Answer
$2$
Work Step by Step
On the interval $[-\displaystyle \pi,-\frac{\pi}{2}]$, the graph of $y=f(x)=\displaystyle \frac{\pi}{2}(\cos x)[\sin(\pi+\pi\sin x)]$ is below the graph of $y=0$,
and on $[-\displaystyle \frac{\pi}{2},0], y=f(x)$ is above $y=0$
The area between the two graphs over [a,b], where one graph is above the other, is given with $\displaystyle \int_{a}^{b}(y_{above}-y_{below})dx$.

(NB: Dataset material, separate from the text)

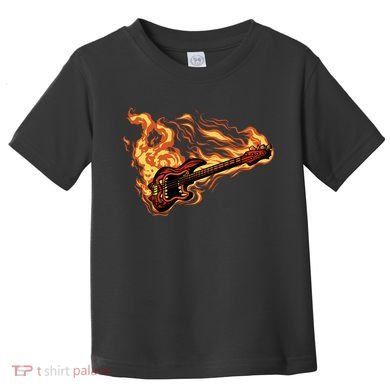 Fire Bass Guitar Rock Musician Toddler T-Shirt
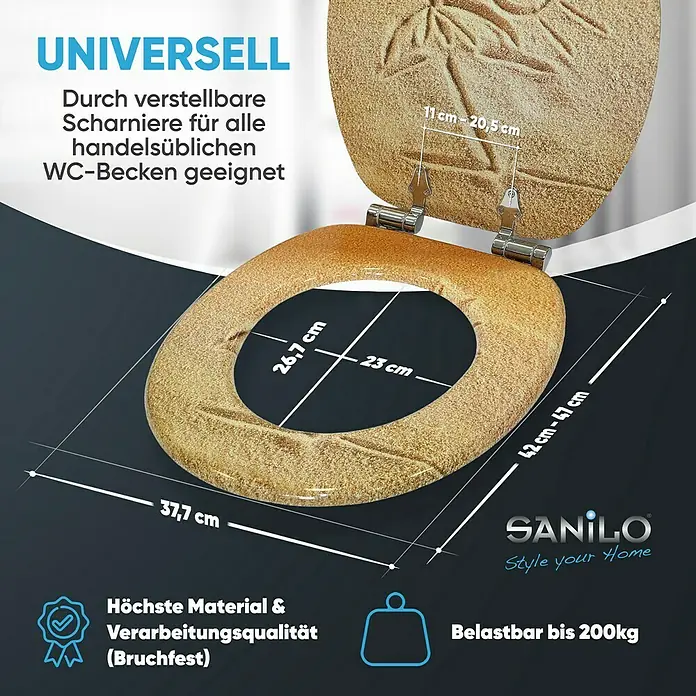 SANILO WC-Sitz Sunshine mit Absenkautomatik - MDF, Braun, Mit Absenkautomatik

$A=\displaystyle \int_{-\pi}^{-\pi/2}[0- f(x)]dx+\int_{-\pi}^{-\pi/2}[f(x)-0]dx$
$=-\displaystyle \int_{-\pi}^{-\pi/2}f(x)dx+\int_{-\pi/2}^{0}f(x)dx$
$A=-I_{1}+I_{2}$
$f(x)=\displaystyle \frac{\pi}{2}(\cos x)[\sin(\pi+\pi\sin x)]$
Apply substitution (in both integrals):
$\left[\begin{array}{lll}
u=\pi+\pi\sin x & & du=\pi\cos xdx\\
& & (\cos x)dx=\frac{du}{\pi}\\
\text{Borders:} & & \\
\text{Integral }I_{1} & & \\
x=-\pi & \rightarrow & u=\pi+\pi(0)=\pi\\
x=-\pi/2 & \rightarrow & u=\pi+\pi(-1)=0\\
\text{Integral }I_{2} & & \\
x=-\pi/2 & \rightarrow & u=0\\
x=0 & \rightarrow & u=\pi+\pi(0)=\pi
\end{array}\right]$
$A=-\displaystyle \int_{\pi}^{0}\frac{\pi}{2}(\sin u)(\frac{1}{\pi}du)+\int_{0}^{\pi}\frac{\pi}{2}(\sin u)(\frac{1}{\pi}du)$
Reverse the borders in the first integral,
$A=\displaystyle \int_{0}^{\pi}\frac{\pi}{2}(\sin u)(\frac{1}{\pi}du)+\int_{0}^{\pi}\frac{\pi}{2}(\sin u)(\frac{1}{\pi}du) =2\cdot\int_{0}^{\pi}\frac{\pi}{2}(\sin u)(\frac{1}{\pi}du)$
$=2\displaystyle \int_{0}^{\pi}(\sin u)(du)$
$=[-\cos u]_{0}^{\pi}$
$=(-\cos\pi)-(-\cos 0)$
$=-(-1)-(-1)$
$=2$